I believe the issue with the monome is overexposure. The rise of monome coincides with the rise of online video. The 40h was out for about 18 months before it started to take off. The monome provided an interesting visual element to an electronic music performance, and capturing a performance with video and uploading it became the thing to do. There was a period where the music tech blogs would unquestioningly post any monome video and it became a blight. Hyperbolic blog titles don't help. ("This monome video will Charlie Sheen your face RIGHT OFF!") Cue the backlash. In this context, the reaction is understandable.

Interestingly, none of this has anything to do with monome (the company) themselves. They don't do facebook or twitter, they don't advertise. All the 'hype' monome generates is a grass roots thing from the user base. (guilty as charged, but usually I'm trying to demo an application I've developed)

Some people can't see past the bill of materials of a product. Some people have no idea about of the cost of production or running a business. Returns. Packaging material. Development. If the arc isn't worth it to you, it isn't. If it is, it is. But reading specs on paper (err..LCD?) and actually using the device are two different things, and I've had the luxury of this experience.
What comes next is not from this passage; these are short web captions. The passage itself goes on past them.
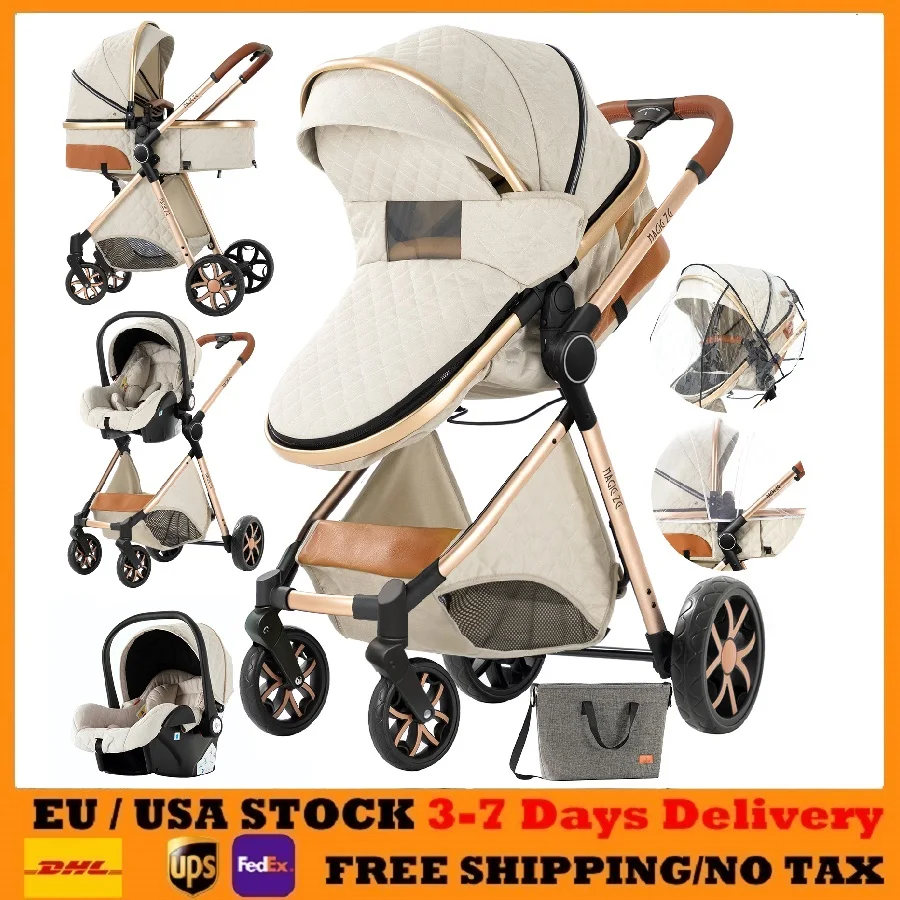 Passeggino 3 in 1 per neonato Passeggino leggero per seggiolino auto per bambini Passeggino compatto Passeggino pieghevole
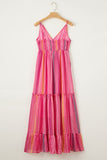 Pink Tribal Tassel Tie V Neck Surplice Maxi Dress
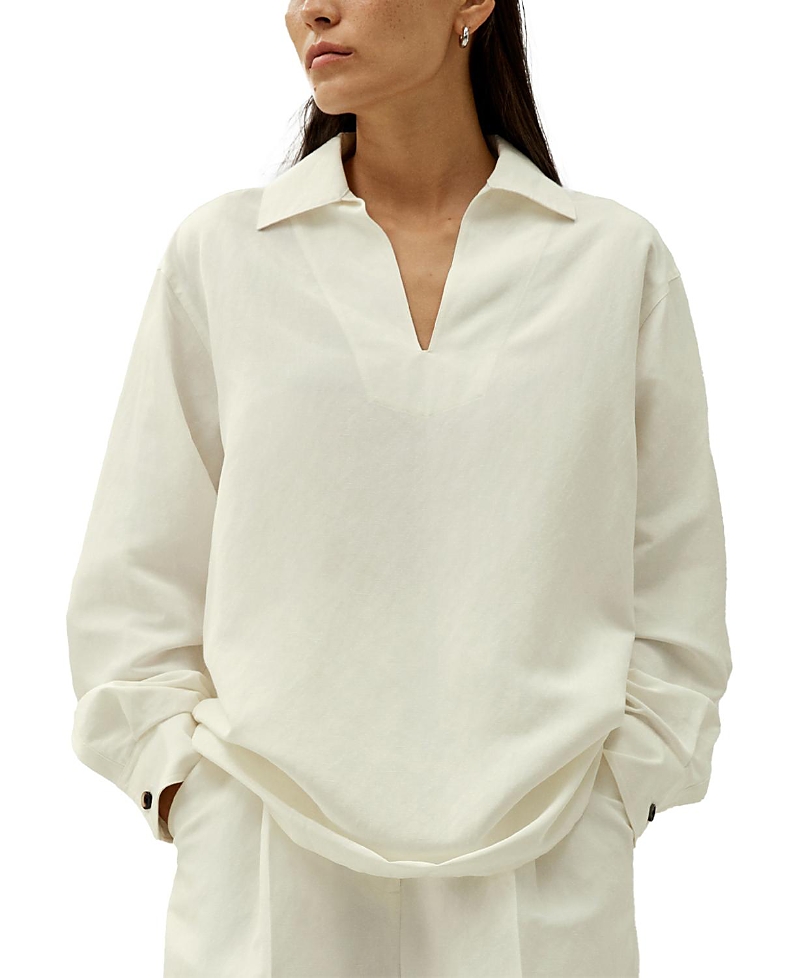 Lilysilk Oversized Silk-linen Blend Shirt In White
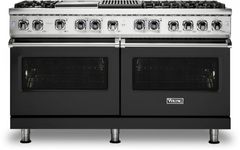 Viking® 5 Series 60" Cast Black Pro Style Dual Fuel Liquid Propane Range with 12" Griddle and 12" Grill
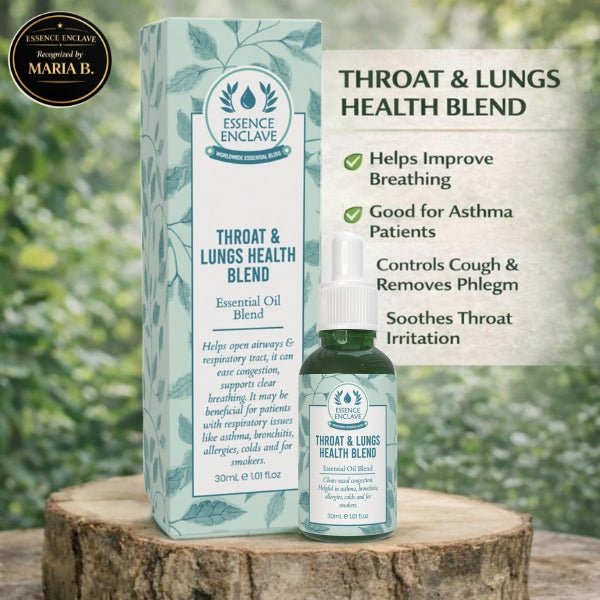 Throat & Lungs Health Essential Oil Blend - Essence Enclave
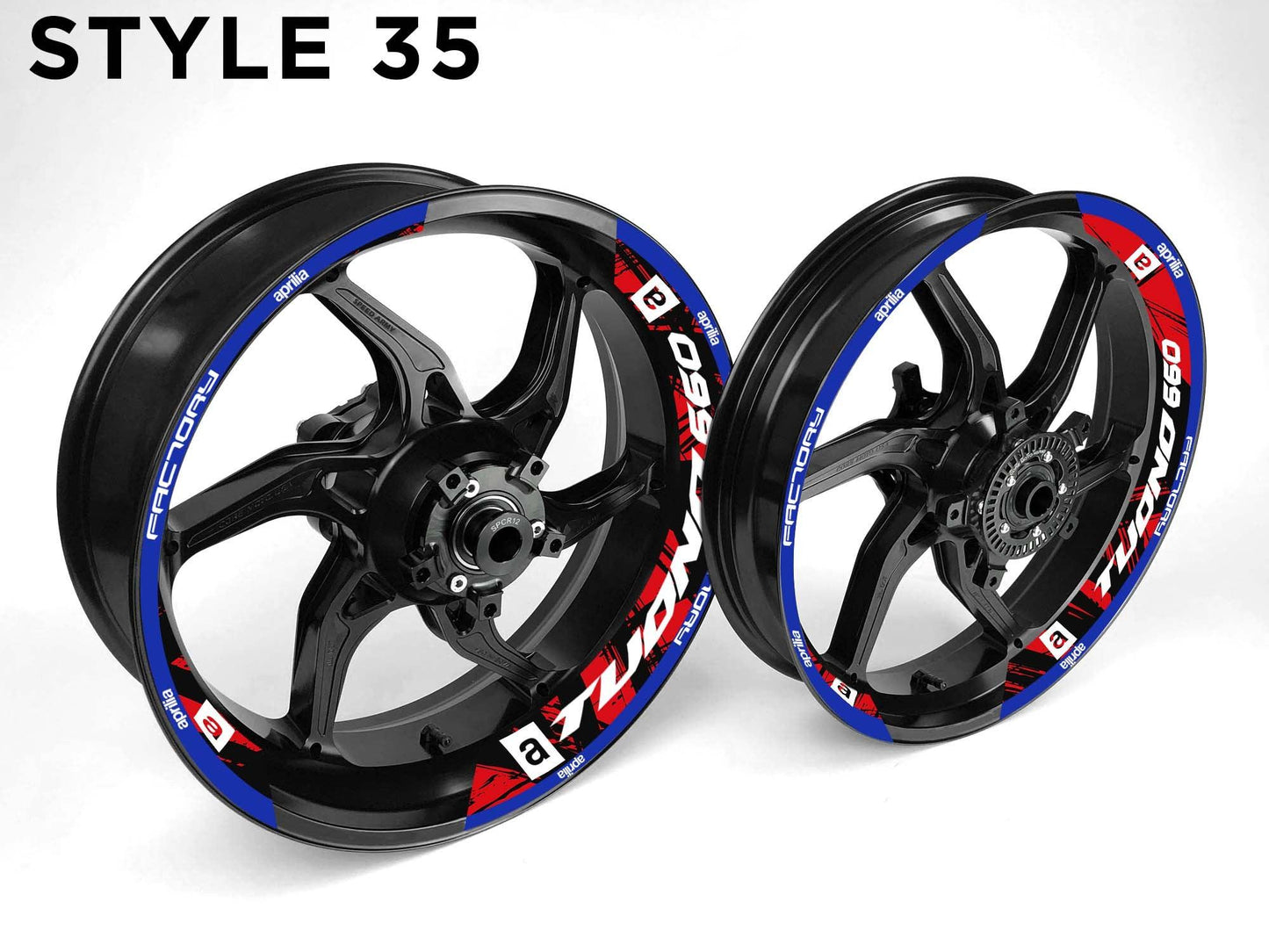 Aprilia Tuono 660 Motorcycle Half Wheels Rim Wrap Decal Sticker Kit - Speed Army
Remember this when someone claims a BCR2000 is just as good.

stutter island



stutter island was the first idea I was thinking of to adapt to the arc and I worked on it for a while before I actually laid hands on one. Then it was pretty much a matter of hooking up the arc control to the application.

You can quantize the movement to metrically sensible values, so you're constantly shifting the beat around, but it is still playing in time (to a degree you can control). I think a maxforlive version of this would be quite powerful, you could simply drop it on a track and flick between instances, generating interesting remixes in real time. I have another version where one encoder specifies when the stutter happens within the specified bar(s) and the other specifies the portion of the buffer to stutter. There are quite a few fun directions this can be taken. I'll upload stutter island to the monome wiki when units begin shipping.